Purpose: Increasing of the rate of azole resistant strains among the clinical isolates of A. fumigatus is becoming a serious concern worldwide. To know the recent status of azole resistance of the fungus in Japan, we investigated antifungal susceptibility and cyp51A mutations of clinical isolates of A. fumigatus in the culture collection of Medical Mycology Research Center, Chiba University (MMRC).
Methods: We tested antifungal susceptibilities according to CLSI M38A2. Regarding azole-resistant strains, we analyzed the cyp51A gene of each resistant strain.
Results: Total of 411 A. fumigatus strains which isolated from patients between 2011 and 2016 were examined. Among these strains, 25 (6.1%) isolates were determined as resistant to azole(s).
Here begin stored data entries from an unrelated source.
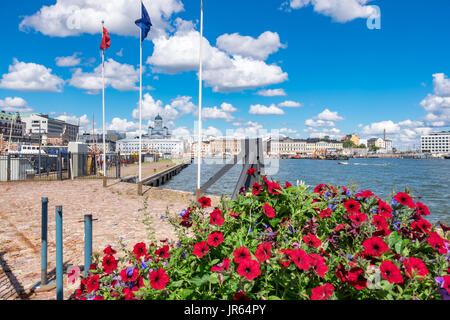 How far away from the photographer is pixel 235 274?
2055mm

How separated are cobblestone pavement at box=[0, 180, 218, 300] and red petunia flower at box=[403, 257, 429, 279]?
173 cm

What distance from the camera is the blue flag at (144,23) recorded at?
1407cm

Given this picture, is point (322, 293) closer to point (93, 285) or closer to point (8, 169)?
point (93, 285)

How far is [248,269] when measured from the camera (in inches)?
74.6

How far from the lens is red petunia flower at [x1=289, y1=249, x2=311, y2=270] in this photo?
1.80m

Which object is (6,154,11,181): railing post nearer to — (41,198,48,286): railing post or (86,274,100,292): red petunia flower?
(41,198,48,286): railing post

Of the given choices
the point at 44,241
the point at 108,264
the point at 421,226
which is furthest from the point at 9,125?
the point at 421,226

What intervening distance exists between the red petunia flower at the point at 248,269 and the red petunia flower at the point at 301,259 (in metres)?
0.22

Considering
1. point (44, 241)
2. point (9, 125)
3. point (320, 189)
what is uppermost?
point (9, 125)

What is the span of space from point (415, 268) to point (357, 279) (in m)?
0.36

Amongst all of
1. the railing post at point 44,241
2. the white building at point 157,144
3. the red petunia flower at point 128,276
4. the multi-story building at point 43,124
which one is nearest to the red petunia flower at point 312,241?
the red petunia flower at point 128,276

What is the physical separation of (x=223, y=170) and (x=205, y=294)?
6.08m

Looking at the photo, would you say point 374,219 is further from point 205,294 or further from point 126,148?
point 126,148
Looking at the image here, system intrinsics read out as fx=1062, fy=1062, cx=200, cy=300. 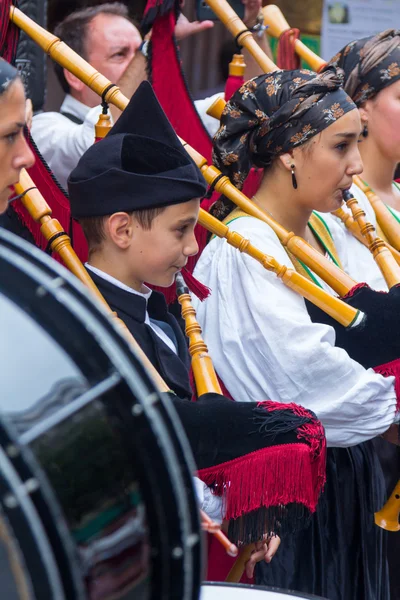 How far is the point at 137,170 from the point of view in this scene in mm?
2291

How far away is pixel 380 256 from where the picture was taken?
9.99 ft

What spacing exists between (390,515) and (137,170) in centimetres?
125

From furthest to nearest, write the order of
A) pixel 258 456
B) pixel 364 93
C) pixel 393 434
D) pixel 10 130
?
pixel 364 93 → pixel 393 434 → pixel 258 456 → pixel 10 130

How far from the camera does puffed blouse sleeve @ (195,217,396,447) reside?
2.62m

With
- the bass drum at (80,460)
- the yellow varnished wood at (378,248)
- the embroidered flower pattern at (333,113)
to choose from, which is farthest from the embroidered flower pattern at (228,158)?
the bass drum at (80,460)

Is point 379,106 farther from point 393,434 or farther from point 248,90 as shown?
point 393,434

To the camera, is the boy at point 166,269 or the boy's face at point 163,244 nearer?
the boy at point 166,269

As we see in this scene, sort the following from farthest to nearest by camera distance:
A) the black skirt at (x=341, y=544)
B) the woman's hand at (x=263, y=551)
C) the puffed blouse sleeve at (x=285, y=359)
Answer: the black skirt at (x=341, y=544)
the puffed blouse sleeve at (x=285, y=359)
the woman's hand at (x=263, y=551)

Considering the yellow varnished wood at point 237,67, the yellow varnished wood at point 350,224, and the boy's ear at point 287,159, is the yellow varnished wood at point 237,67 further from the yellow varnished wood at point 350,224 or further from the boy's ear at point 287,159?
the boy's ear at point 287,159

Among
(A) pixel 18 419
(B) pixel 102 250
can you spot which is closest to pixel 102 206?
(B) pixel 102 250

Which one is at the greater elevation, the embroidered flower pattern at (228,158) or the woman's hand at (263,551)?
the embroidered flower pattern at (228,158)

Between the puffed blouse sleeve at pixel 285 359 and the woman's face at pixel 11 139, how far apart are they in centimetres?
88

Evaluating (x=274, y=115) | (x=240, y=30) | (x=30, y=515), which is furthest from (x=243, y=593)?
(x=240, y=30)

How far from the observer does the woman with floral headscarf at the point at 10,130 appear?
1769mm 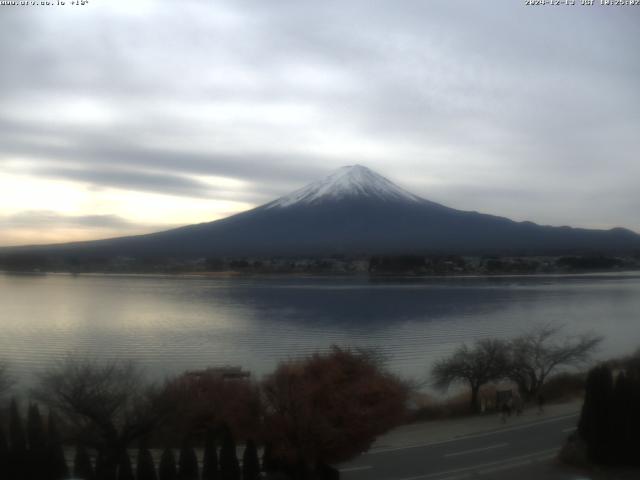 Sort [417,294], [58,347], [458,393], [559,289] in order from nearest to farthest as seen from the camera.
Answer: [458,393] → [58,347] → [417,294] → [559,289]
The tandem repeat in cyp51A promoter region was detected in 3 strains. Sixteen strains had point mutation in cyp51A gene, and isolated from patients with the history of given azole(s). Particularly, all of the strains with G448S mutation were isolated from patients to whom voriconazole had administered. By Fisher’s exact test, the G448S mutation is correlated with the administration of voriconazole in each patient (P=0.0239). The remaining 6 strains had no mutation in cyp51A.
Conclusion: In the previous report (Tashiro M, AAC 2012), only G54 mutation were found in resistant A. fumigatus strains, but changing the profile of cyp51A mutation are emerging in Japan.